In March 2012, three rhinos, one female and two male, were found grievously injured after a deadly poaching attack in the Kariega Game reserve in South Africa. They were left for dead until rescued by people from the reserve, sayssapeople.com.
While one male succumbed to its injuries immediately, the surviving rhinos were taken into the care of veterinarian Dr William Fowlds. The male rhino was named Themba and female Thandi. However, Themba died 24 days after bravely battling for his life, making Thandi the lone survivor of the attack, her scars a grim reminder to the despicable act she endured.
However, Thandi’s caretakers had reason to celebrate this year with the wonderful news of her pregnancy.

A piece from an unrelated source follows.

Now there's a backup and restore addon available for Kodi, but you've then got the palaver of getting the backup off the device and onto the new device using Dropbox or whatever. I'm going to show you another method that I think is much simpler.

Thandi, which reportedly means ‘courage or one who is to be loved’ in the isiXhosi language, successfully gave birth to a calf on January 13, 2015. The calf is now known as the rhino that should never have been born.

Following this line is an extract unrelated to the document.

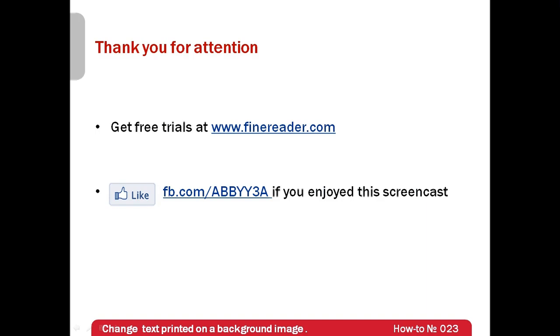Thank you very much for your attention and if you have enjoyed this screencast please like our Facebook page which is available at facebook.com/ABBY3A. Let us know. See you soon!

Watch Thandi’s journey of near-death and moving forward to bring new life into the world:
Thandi’s story is testament to how animals in the wild are vulnerable to brutal acts of poaching.
According to reports, South Africa, which has over 80% of the world’s rhinoceros, had lost a record 1,215 rhinos last year, which is about a 20% rise over the 2013 numbers. In 2015, alone, 49 rhinoceros have been killed due to poaching.
India too has a considerable rhino population, most of whom are found in Kaziranga National Park in Assam. However, India lost 109 rhinos to poaching, according to reports.
There is great demand for the rhino horn from China, Vietnam and a few other Southeast Asian countries. Reports say that rhino horns are worth more than gold and platinum with a kilo fetching around $65,000. Thandi’s case has raised awareness to save animals in the wild from brutality.